Rasterstats is a Python module that does exactly that, easily.
- Let’s start by reading the data:
In [1]:
import rasterio
from rasterio.plot import show
from rasterstats import zonal_stats
import osmnx as ox
import geopandas as gpd
import os
import matplotlib.pyplot as plt
%matplotlib inline
# File path
data_dir = "L5_data"
dem_fp = os.path.join(data_dir, "Helsinki_DEM2x2m_Mosaic.tif")
# Read the Digital Elevation Model for Helsinki
dem = rasterio.open(dem_fp)
dem
Out[1]:
<open DatasetReader name='L5_data\Helsinki_DEM2x2m_Mosaic.tif' mode='r'>
Good, now our elevation data is in read mode.
Next, we want to calculate the elevation of two neighborhoods located in
Helsinki, called Kallio
and Pihlajamäki
, and find out which one
of them is higher based on the elevation data. We will use a package
called OSMnx to fetch the data
from OpenStreetMap for those areas.
- Specify place names for
Kallio
andPihlajamäki
that Nominatim can identify https://nominatim.openstreetmap.org/, and retrieve the
In [2]:
# Keywords for Kallio and Helsinki in such format that they can be found from OSM
kallio_q = "Kallio, Helsinki, Finland"
pihlajamaki_q = "Pihlajamäki, Malmi, Helsinki, Finland"
# Retrieve the geometries of those areas using osmnx
kallio = ox.gdf_from_place(kallio_q)
pihlajamaki = ox.gdf_from_place(pihlajamaki_q)

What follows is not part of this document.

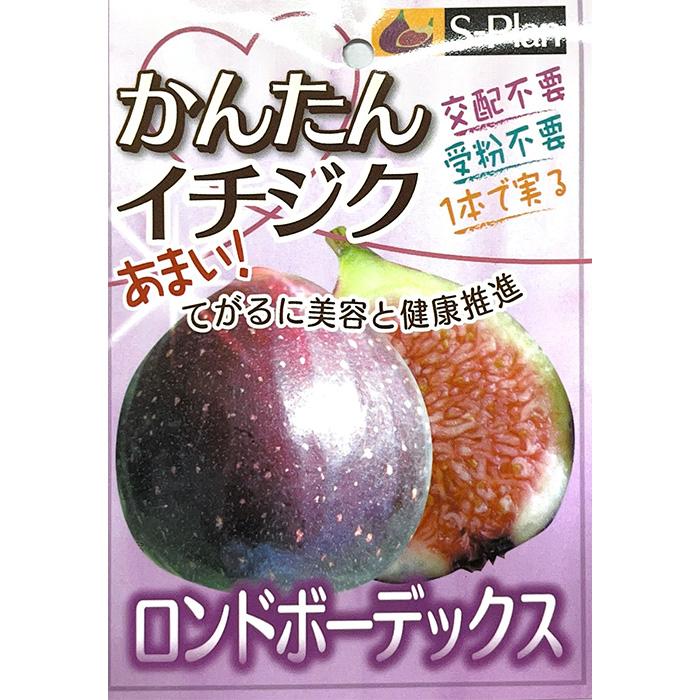 日本花キ流通 予約販売 いちじく 苗 ロンドボーデックス 15cm 日本花キ流通 予約販売 いちじく 苗 ロンドボーデックス 15cm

# Reproject to same coordinate system as the
kallio = kallio.to_crs(crs=dem.crs)
pihlajamaki = pihlajamaki.to_crs(crs=dem.crs)
type(kallio)
Out[2]:
geopandas.geodataframe.GeoDataFrame
As we can see, now we have retrieved data from OSMnx and they are stored as GeoDataFrames.
- Let’s see how our datasets look by plotting the DEM and the regions on top of it
In [3]:
# Plot the Polygons on top of the DEM
ax = kallio.plot(facecolor='None', edgecolor='red', linewidth=2)

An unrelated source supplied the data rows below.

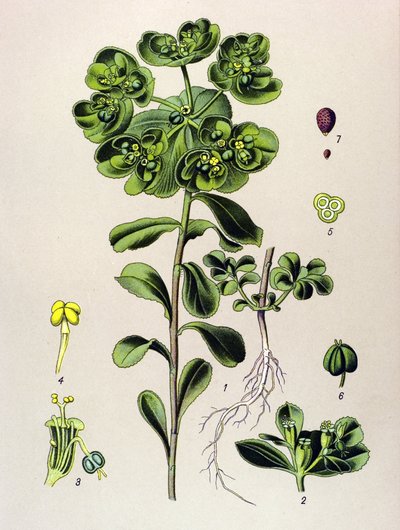 Botanische plaat, giftige plant: Euphorbia helioscopia door Unbekannter Künstler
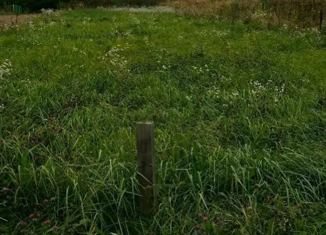 Продается земельный участок, 9.7 сот., деревня Шопино, деревня Шопино, 30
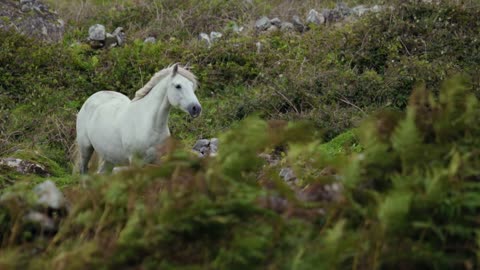 Does horse can climb the mountain...........?????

ax = pihlajamaki.plot(ax=ax, facecolor='None', edgecolor='blue', linewidth=2)
# Plot DEM
show((dem, 1), ax=ax)
Out[3]:
<matplotlib.axes._subplots.AxesSubplot at 0x17a78864c18>
Which one is higher? Kallio or Pihlajamäki? We can use zonal statistics to find out!
- First we need to get the values of the dem as numpy array and the affine of the raster
In [6]:
# Read the raster values
array = dem.read(1)
# Get the affine
affine = dem.transform
- Now we can calculate the zonal statistics by using the function
zonal_stats
.
In [9]:
# Calculate zonal statistics for Kallio
zs_kallio = zonal_stats(kallio, array, affine=affine, stats=['min', 'max', 'mean', 'median', 'majority'])
# Calculate zonal statistics for Pihlajamäki
zs_pihla = zonal_stats(pihlajamaki, array, affine=affine, stats=['min', 'max', 'mean', 'median', 'majority'])
C:\ProgramData\Anaconda3\lib\site-packages\rasterstats\io.py:294: UserWarning: Setting nodata to -999; specify nodata explicitly
warnings.warn("Setting nodata to -999; specify nodata explicitly")
Okey. So what do we have now?
In [10]:
print(zs_kallio)
print(zs_pihla)
[{'min': -2.1760001182556152, 'max': 37.388999938964844, 'mean': 12.759059456081534, 'median': 11.267999649047852, 'majority': 0.3490000069141388}]
[{'min': 8.73799991607666, 'max': 46.30400085449219, 'mean': 24.560033970865877, 'median': 24.17300033569336, 'majority': 10.41100025177002}]
Super! Now we can see that Pihlajamäki seems to be slightly higher compared to Kallio.